Wire format
The low-level IPC contract. For the app-facing API see frontend runtime, commands, and events. Index: docs/README.md.
The bridge is MessagePack over the elyra://localhost custom protocol,
called from the frontend with fetch. Same origin for both the app and IPC, so
there is no CORS, no preflight, and no JSON anywhere in the hot path.
Endpoints
| Path | Purpose |
|---|---|
elyra://localhost/ and /index.html |
the frontend (embedded assets, or the fallback page) |
elyra://localhost/__cmd/<name> |
command invocation (POST) |
elyra://localhost/__events |
event stream long-poll (GET) |
Request — arguments (compact)
The request body is a compact MessagePack array of the call arguments:
invoke("add", 2, 3) -> encode([2, 3]) -> msgpack array [2, 3]
Rust decodes it into the command's argument tuple, e.g. (i64, i64). Compact
(positional) encoding is used here because the tuple shape is fixed by the
function signature — field names would be dead weight.
Zero-argument commands ignore the body entirely, which avoids the
() → nil vs [] → empty-array mismatch between serde and the JS encoder.

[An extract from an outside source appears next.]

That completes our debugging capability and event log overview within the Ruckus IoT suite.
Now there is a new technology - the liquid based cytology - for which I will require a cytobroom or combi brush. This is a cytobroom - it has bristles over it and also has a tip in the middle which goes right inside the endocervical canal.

Response — results (named)
Results are encoded with rmp_serde::to_vec_named:
SystemInfo { os, arch, commands } -> msgpack map { "os": ..., "arch": ..., "commands": [...] }
Named encoding means structs decode to plain JS objects and survive field
reordering between Rust and TypeScript versions — the property that makes the
contract robust as the app evolves. Scalars (String, i64, …) encode
identically either way.
Events (M1) — Rust → frontend push
The frontend keeps one request open against /__events. The shell holds it
until the next event batch is ready, then responds; the frontend immediately
reconnects. No evaluate_script, no base64 — a continuous binary stream over
the same custom protocol. @elyra/runtime's channel() multiplexes all named
channels over this single connection.
The response body is a MessagePack array of [channel, value] pairs:
[ ["tick", 1], ["tick", 2], ["cursor", { "x": 10, "y": 20 }] ]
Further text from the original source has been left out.